So what are you doing on Tuesday evening?

Your neighbors will be gathering at 7:30 to find out what’s going on. They’ll also be making decisions about your neighborhood, and the larger community around us…decisions that affect you.

And – oh by the way – they’ll be having a good time: socializing and chatting and being, well, just neighborly! (And free refreshments help.)

You’re always welcome. It’s the second Tuesday of each month at 7:30 pm, in the Calvary Church social hall, on the corner of Beech and Allegheny (use the Beech Avenue entrance). The meeting’s usually over by 9:00 pm.

Don’t know most of your neighbors yet? All the more reason! Hope to see you Tuesday evening.

In April of 1962, the residents and business people of our community – not yet called “Allegheny West” – were surrounded on every side by an uncertain future. That a few of them were considering banding together for the general good was very bold indeed.
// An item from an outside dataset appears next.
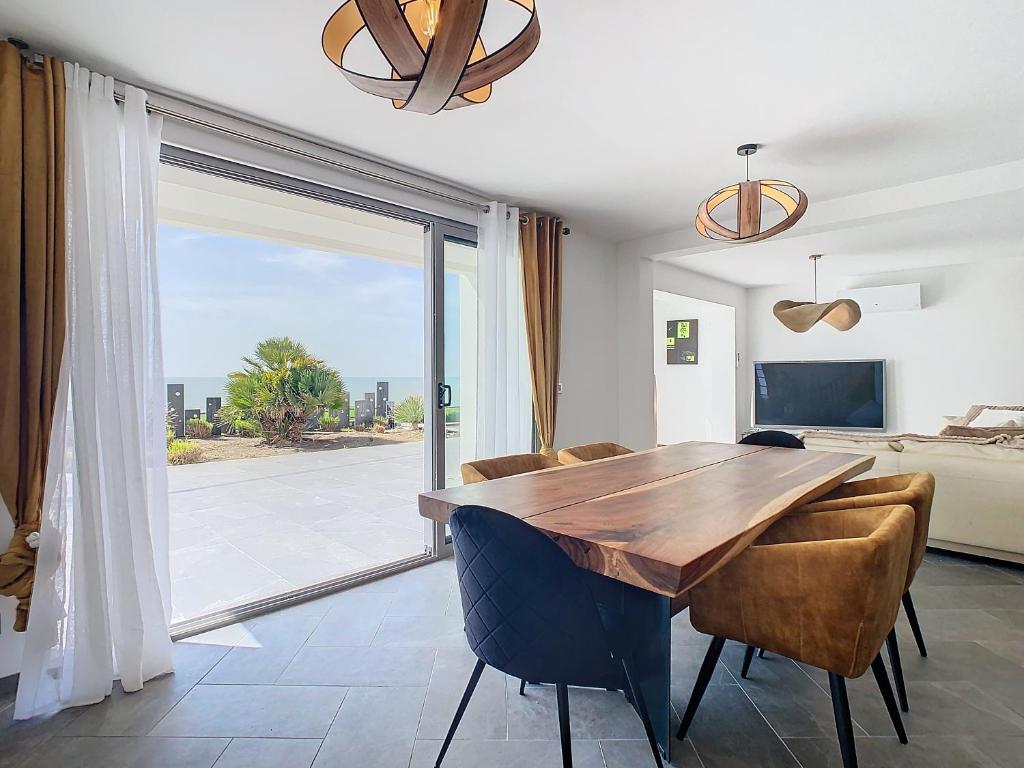 une salle à manger avec une table et des chaises en bois dans l'établissement Villa Heure Bleue, à Saint-Georges-de-Didonne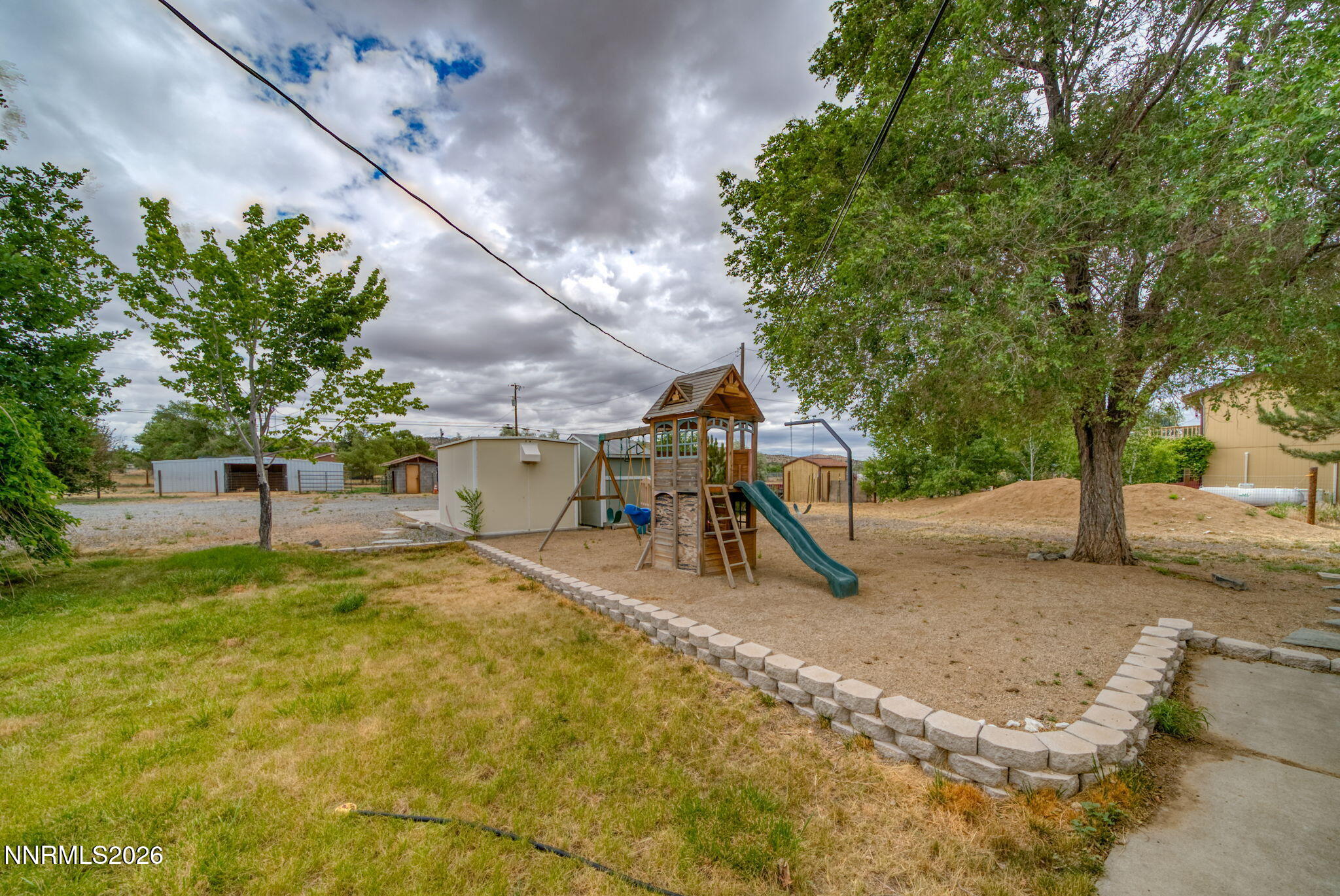 11577 Deodar Way Reno, NV 89506 - Photo 44 of 58 a sign board with yard in the back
The “powers that be” in the city, county and state were basking in the glow of international media – hailed for “The Great Pittsburgh Renaissance”. The first of its kind in America, this unprecedented vision was even then transforming an industrial slum at the Point into a new state park and the gleaming silver office towers of Gateway Center. At the Melody Tent site in the Lower Hill District, a “residential slum” was giving way to a new entertainment acropolis – anchored by the newly opened Civic Arena, and soon to add concert halls and museums.

A new phrase had been coined right here: “Urban Renewal”. And already announced were the next two planned blockbusters: the extreme makeover of the East Liberty shopping district and the complete demolition and replacement of the former City of Allegheny town center. In each of these projects, hundreds of substantial buildings would be demolished to make room for an entire new city – formed in the image and likeness of the American suburb.
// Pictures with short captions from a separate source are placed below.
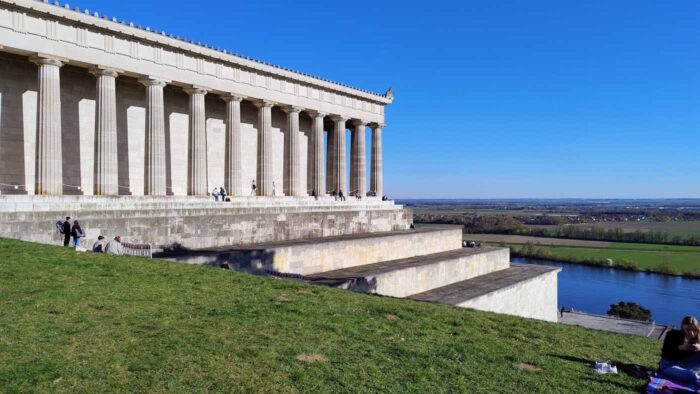 Die Walhalla bei Regensburg: Eine Gedenkhalle im Stil eines altgriechischen Tempels. Trotz Absperrungsbändern sitzen Leute auf den Stufen oder auf der Grünanlage. Die Sonne scheint, der Himmel ist blau. Die Aussicht auf das Donautal ist sehr beeindruckend.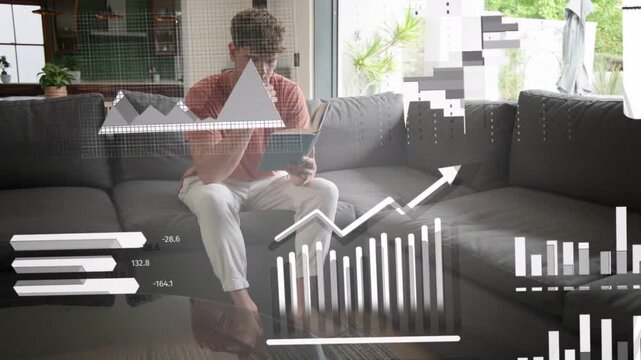 Man sitting on sofa tapping tablet, launching animated finance charts and gauges, analyzing data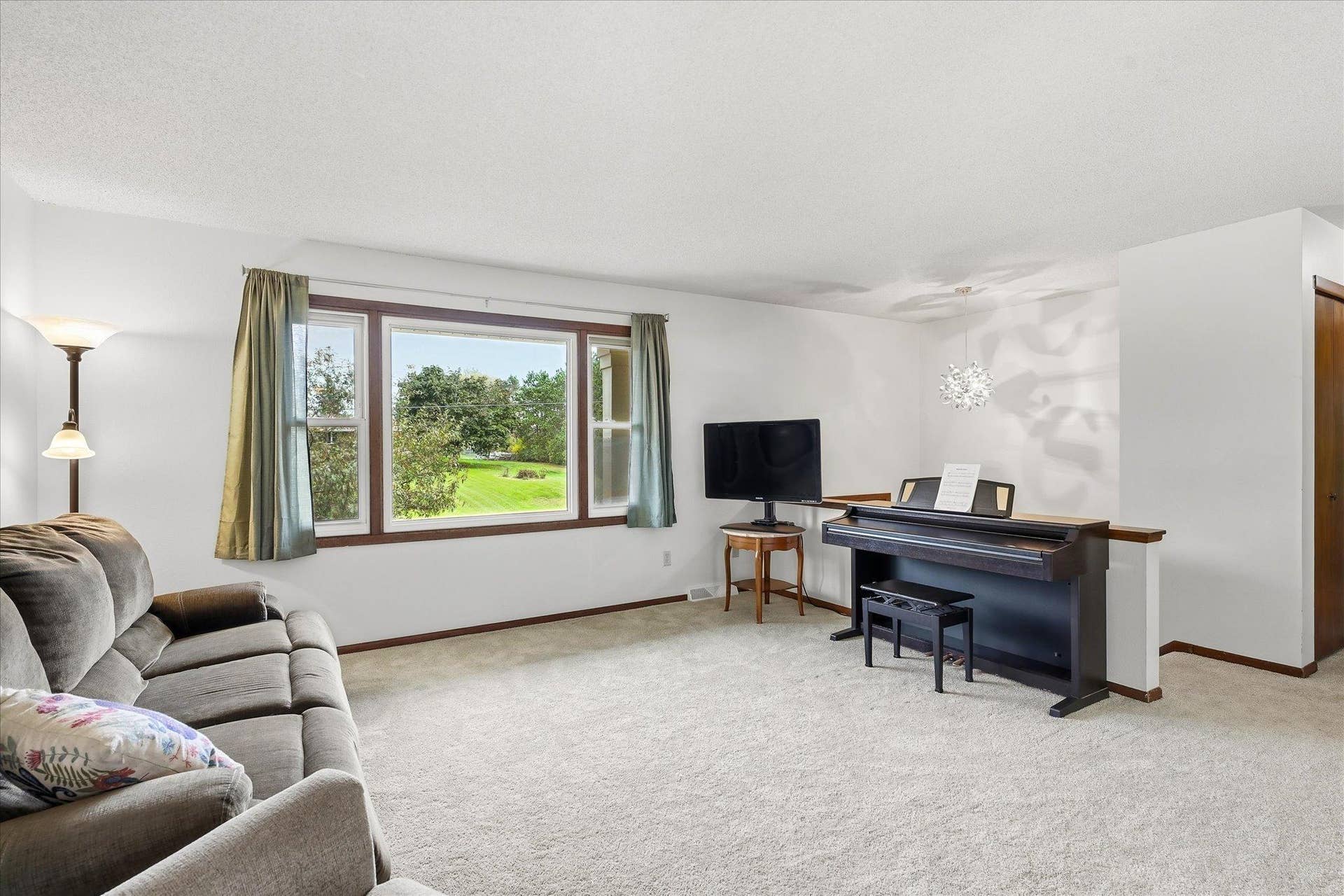 20761 187th Avenue NW, Big Lake, MN 55309 Spacious living room featuring new carpet, neutral finishes, and a large picture window bringing in plenty of natural light.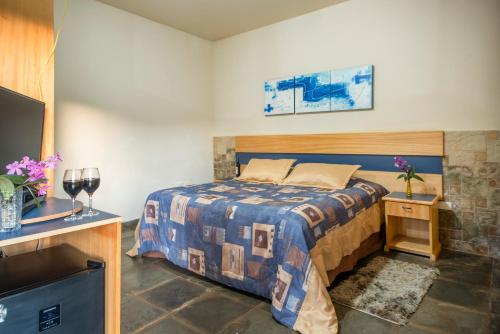 Giường trong phòng chung tại Hotel Fazenda Reviver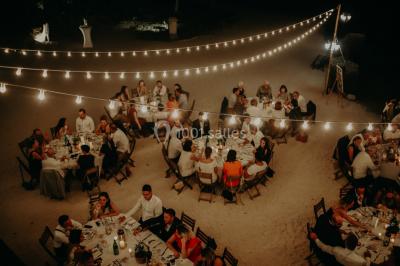 Vue aérienne d'une grande maison de style provençal avec des tables dressées pour un événement en extérieur.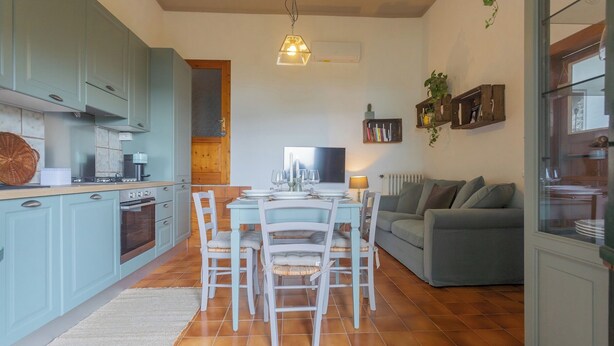 A compact kitchen with light blue cabinets, a dining area with white chairs, and a grey sofa in a living area. - Simon's Apartment With Amazing View by Rent all Como (Blevio)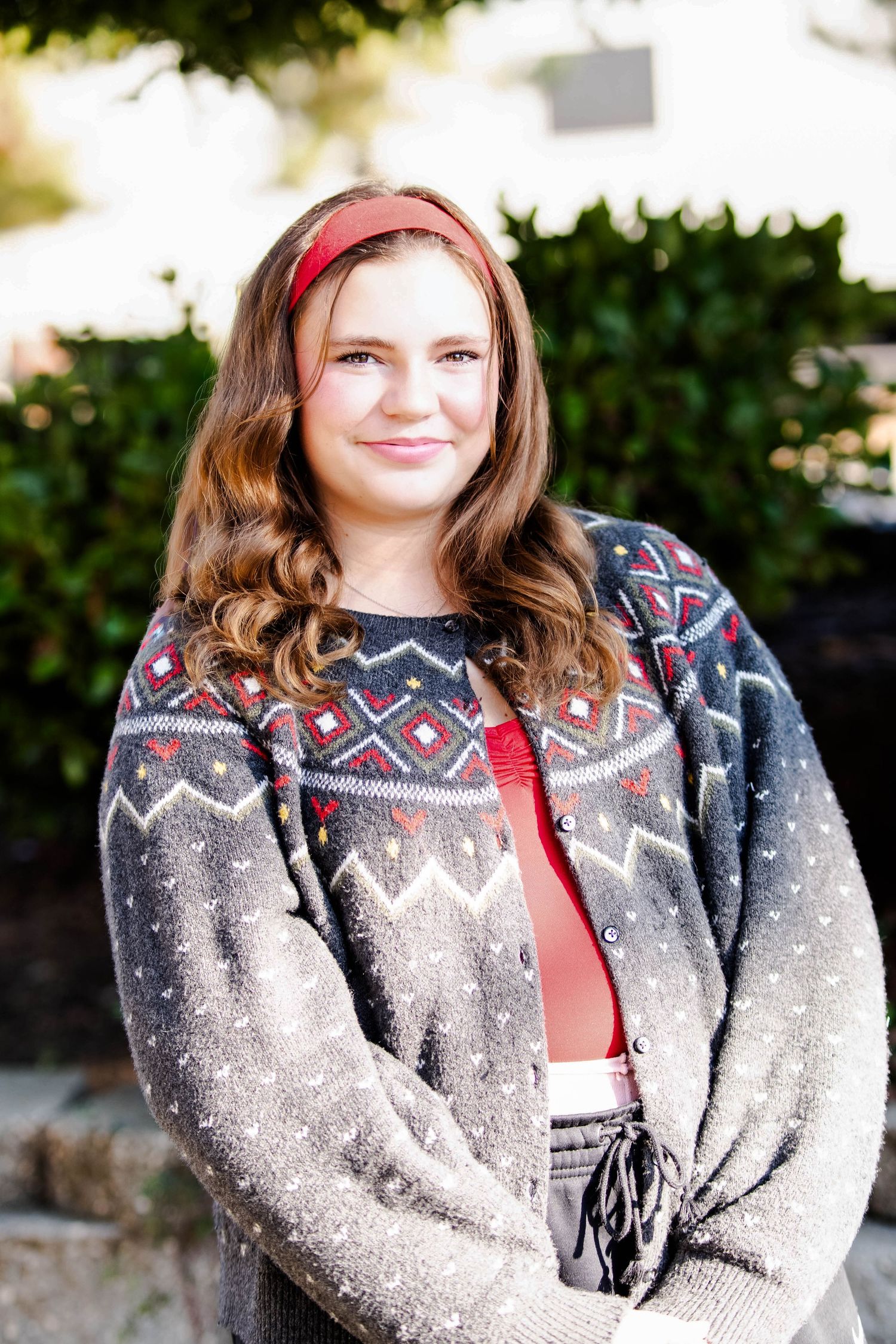 Young woman in a Fair Isle cardigan and red headband smiles outdoors near green hedges.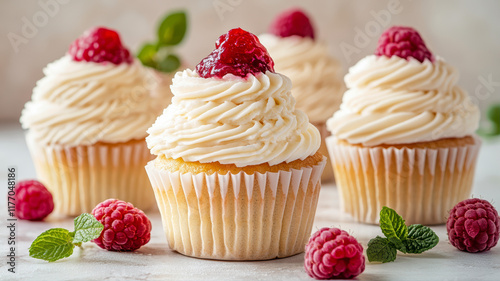 Beautiful Cupcakes With Cream Cheese Frosting and Raspberries Displayed Elegantly on a Light Surface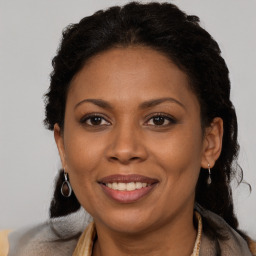 Joyful black adult female with long  brown hair and brown eyes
This new city rising on the Northside wasn’t limited to the former center of Allegheny. There were several big satellite projects that would extend this grand vision across all of the lower Northside. This new “suburb in the city” would have its very own interstate highway slicing east to west. The neighborhoods of Chateau on the west and Deutschtown to the east, along with the length of the Allegheny Commons park, would provide the highway’s route and right-of-way.
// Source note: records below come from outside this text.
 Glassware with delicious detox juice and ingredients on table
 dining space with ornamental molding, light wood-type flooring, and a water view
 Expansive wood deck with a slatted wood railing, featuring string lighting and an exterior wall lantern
The neighborhood north of the Allegheny Commons park would be leveled and replaced with a vast complex of garden apartments. An immense public housing development would level and replace much of the Manchester neighborhood. And the land immediately to the west of the park would be divided between an industrial park along the highway and a county college campus.

Citywide, there were thousands of businesses and residents being displaced by eminent domain takings of entire neighborhoods. And nationwide the broadest public sentiment was enormously supportive of this concept. If the Smoky City could do it, anything was possible.

“Out with the old, in with the new.” And Pittsburgh was finally at the forefront of an important new urban movement.

But buried deep in those Master Planning blueprints were a handful of tiny streets. And on those streets, a few ordinary people had started looking for a way to be heard.